III. THE ED MONEY LAUNDERING INVESTIGATION
The Enforcement Directorate has filed money-laundering charges, arrested a former Key Managerial Personnel, and provisionally attached assets aggregating ₹10,117 crore across Reliance Group entities to date. A forensic audit initiated by SEBI into potential securities law violations runs in parallel. These are not closed matters. The governance risk premium they impose on the stock is real, quantifiable in the discount to book at which RPOWER trades, and will persist until resolution.
| SEBI Fundraising Ban | Rejected twice; SAT hearing July 2026. Blocks ₹9,000 Cr capital raise until resolved. |
| SECI / ED Fake BG Case | Delhi HC stay on SECI ban active; ED chargesheet filed; criminal trial ongoing. Clouds all renewable tender participation. |
| ED / SEBI Forensic Audit | ₹10,117 Cr assets provisionally attached; ex-KMP arrested; governance risk premium structural until case closes. |
| Q1 FY27 Watch | No impairment repeat expected; Sasan/Rosa operational stability key. SAT outcome on SEBI exemption the decisive near-term catalyst. |
|
Structural Positives
✦ Standalone debt-free status is real, documented, and a structural inflection point for the holding company's credit profile. ✦ Sasan's captive coal, 25-year PPA, and 85–92% PLF provide a durable and competitively moated cash generation engine. ✦ Cash balance surge to ₹17,052 Cr (FY26) from ₹4,398 Cr (FY25) signals materially improved liquidity. ✦ Bhutan JV and domestic BESS pipeline — if executed — place the company inside India's most capital-intensive growth corridor for the next decade. |
Material Constraints
✦ SEBI fundraising ban directly blocks the ₹9,000 Cr capital raise — expansion financing is contingent on SAT, not management intent. ✦ ED chargesheet and SECI fake BG case impose a governance risk premium that no quarterly debt reduction number can neutralise until resolved. ✦ FY26 net loss driven by subsidiary impairment — earnings fragility is structural, not merely cyclical, during the transition phase. ✦ Sasan SPV liquidity remains tightly matched against debt service — any PLF disruption creates cascade risk at the subsidiary level. |
At ₹25.40 — a discount to book value of approximately ₹38–39 per share — Reliance Power is pricing in both the genuine operational progress and the unresolved legal complexity. The market is not wrong to do so. The balance-sheet repair is real and the renewable pivot is strategically coherent.

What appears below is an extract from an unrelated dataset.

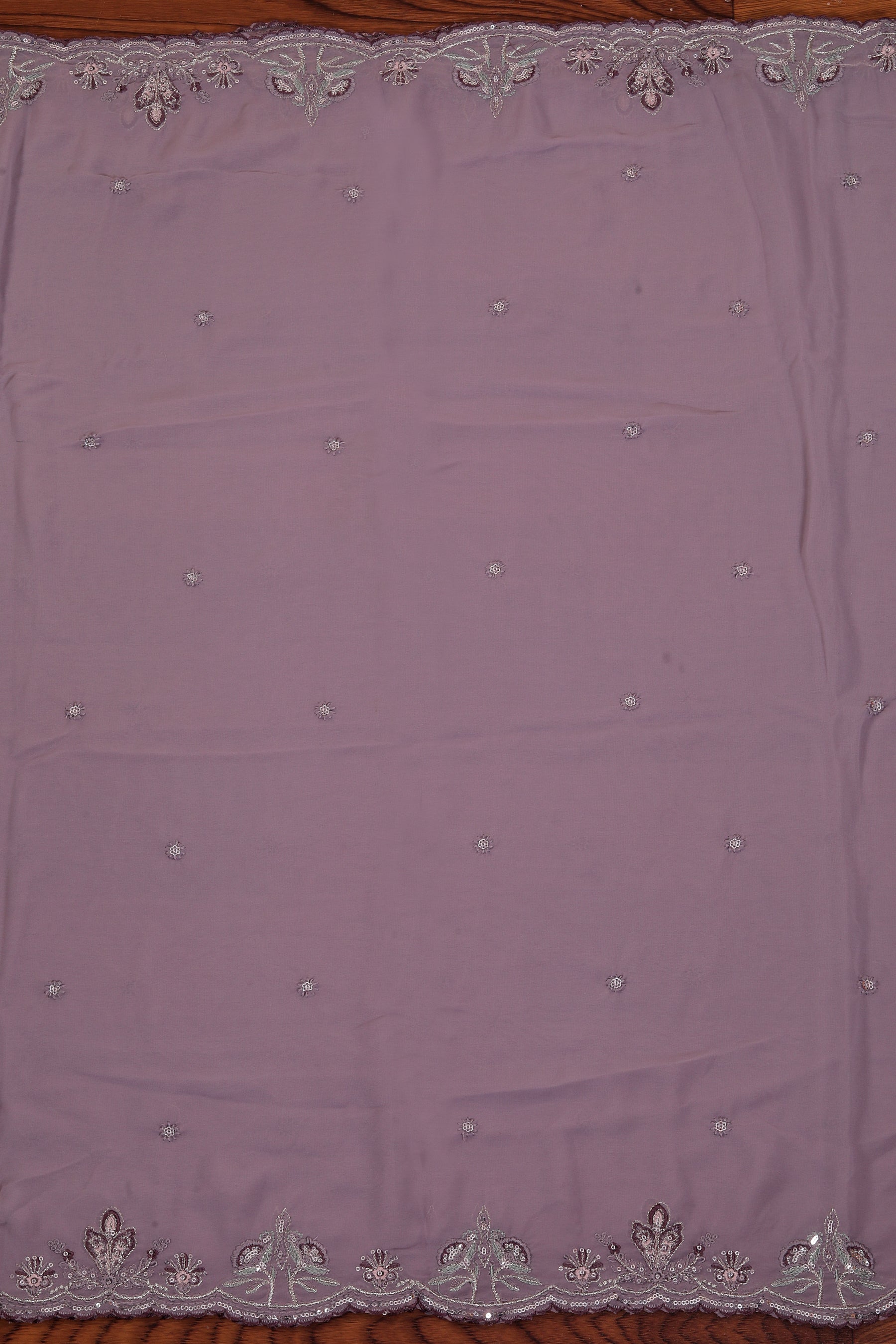 Lavender Heavy Embroidered Poly Georgette Dress Material with Dupatta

But the SAT hearing outcome on the SEBI exemption, the trajectory of the ED prosecution, and the Q1 FY27 operating performance are the three data points that will define the investment narrative for the next six months.

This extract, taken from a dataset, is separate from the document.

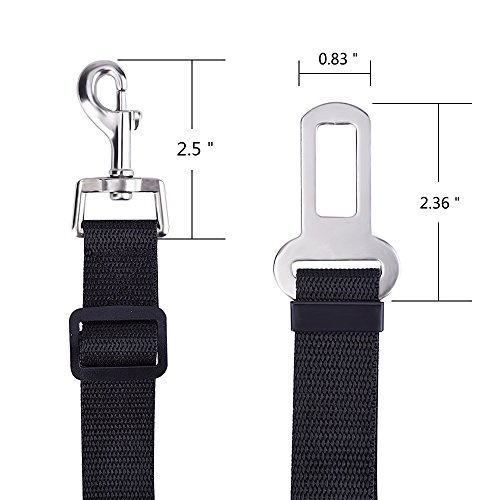 Mudder-Dog-Seat-Belt-Pet-Car-Safety-Straps-Leads-Restraint-Harness-Adjustable-for-Cars-Vehicle-Black-3-Pack
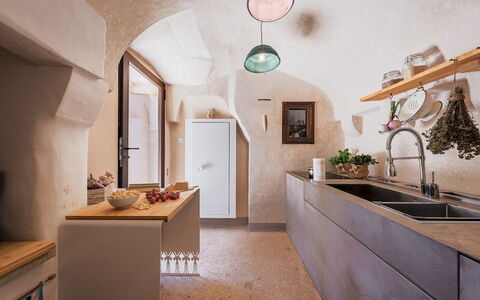 Masseria Muto 6: Wall, Interior Design, Flooring, Kitchen, Furniture, Home, Floor, Countertop, Ceiling, Plumbing Fixture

This is not a company to write off. It is also not one to underwrite on the basis of the turnaround narrative alone, absent resolution of the legal overhangs that continue to sit — prominently and materially — in the middle of the story.
The repair is real. The risks are realer. At ₹25.40, the market is, for once, being reasonably honest about both.

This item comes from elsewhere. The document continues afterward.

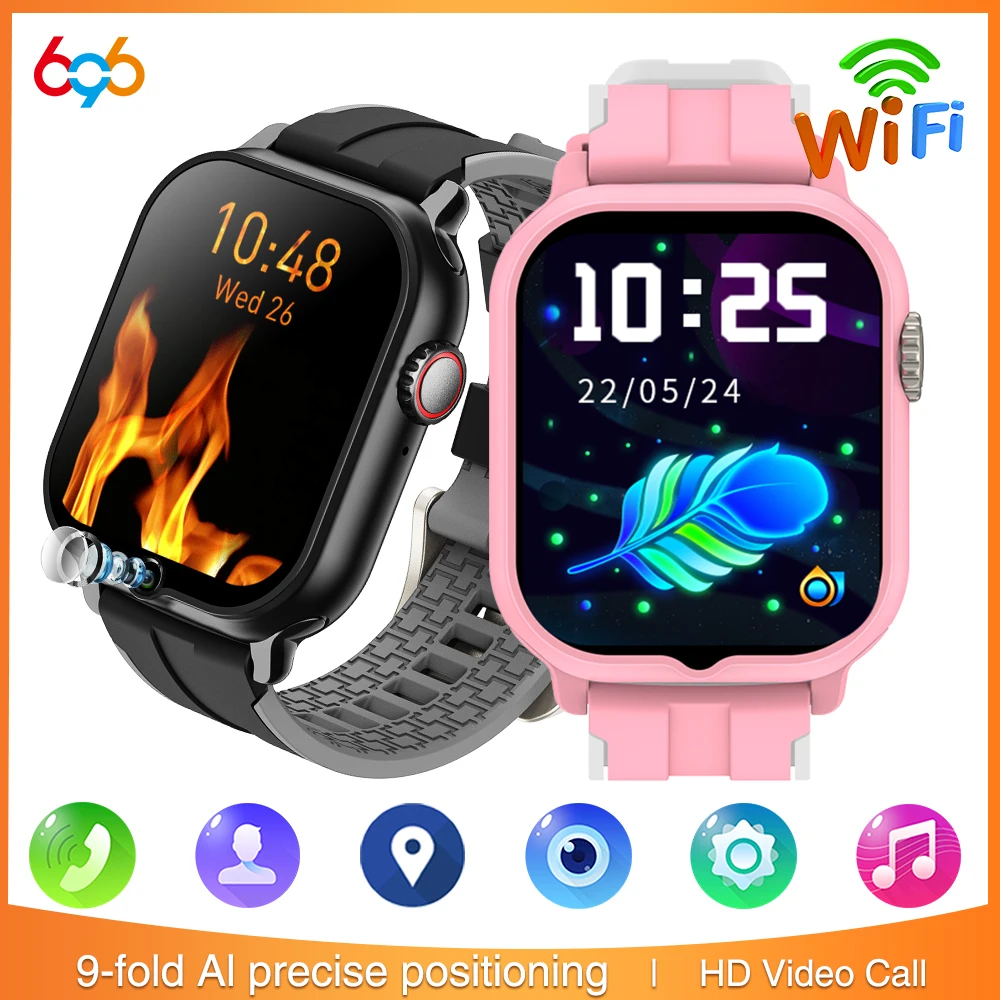 4G Children Smartwatch Kid Video Call Smart Watches GPS WIFI LBS Positioning Waterproof SOS APP Download Heart Rate Health Watch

This article is published by SumanSpeaks (sumanspeaks.blogspot.com) for general informational and educational purposes only. The author has over 25 years of capital markets experience. This is not a recommendation to buy, sell, or hold any security. Equity investments in power sector companies carry significant execution, regulatory, and legal risks. All data is sourced from public exchange filings, regulatory orders, company presentations, and credible financial media. Readers must conduct independent due diligence before making any investment decision.